Stone Walls

Stone walls

New England is known for all the stone walls that thread their way through the woods and along the roads. Why are they in the woods? Because these woods were once fields that the farmers had cleared of trees and rocks and the numerous rocks were used to build walls to mark the borders of their fields and also to keep animals in. At first they used wood to build fences but then with so much stone it seemed like a good idea to build fences with them. And why are there so many stones? The glaciers probably had more to do with it than anything else. When they receded they were left behind. And we all know that with the freezing and thawing of the ground each year it moves stones to the top so there seem to be a never ending supply of them. Just ask any farmer who plows or harrows a field how many stones are there.

You may notice that in some places there are stone walls about the width of a roadway apart and it could be the farmer used that pathway to get to his fields or home. But in some instances they were part of a stagecoach road. When I was in 1^st & 2^nd grade and going to the two room school house, we hung a May basket for the teacher. And then ran down in back and onto a cleared path through the woods with a wall on each side. Of course that was off school property and we did get a talking to about going off school property but were never punished for it.
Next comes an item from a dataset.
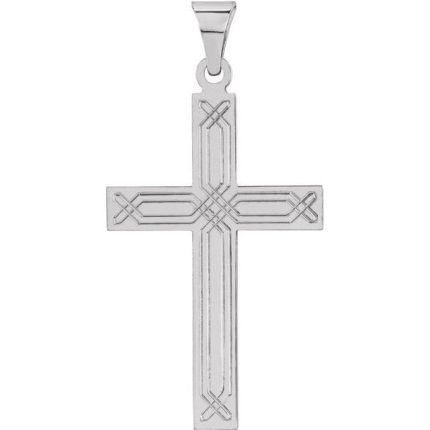 14K Yellow Geometric Cross Pendant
It was not until I was an adult that I found out that it really was a road — the stagecoach road that came up Tan Yard hill, past the school and on up the next hill and beyond.
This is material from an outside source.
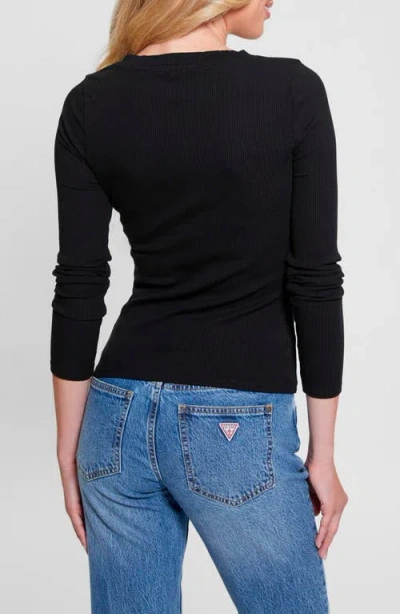 Shop Guess Kyra Rib Three-quarter Sleeve Henley In Jet Black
Last year I was at a program about the Civil War called King Cotton. It was very interesting. The north needed the cotton in order to keep the mills running and so did everything they could to get it through the blockades. But one thing that was said that I do not agree with, is that all the stone walls we have were built by slaves. There were slaves in Connecticut. That is a fact. But, they were owned by the wealthier people, not the average person, and most farmers were not wealthy. People tended to have large families and the sons would help their father clear the land of trees and rocks in order to plant crops. They had to do something with all the rocks they took out, so it made sense to build “fences” using the stones. Now we all know that most of our stones are not conducive to building walls. They are mostly round or odd shapes and it amazes me that they put them together in such a way that the wall would stand, made without mortar, and still be here today. They were artisans for sure. We have some beautiful walls that were made by professionals but most of what we see when we ride along our roads were made by farmers.

So, as you ride through New England notice the beauty of the stone walls that have stood for hundreds of years and were built by ordinary folk like you and I. And try sometime to build a wall. It will give you a great appreciation for what these ordinary folk could do with the round odd shaped stones of New England.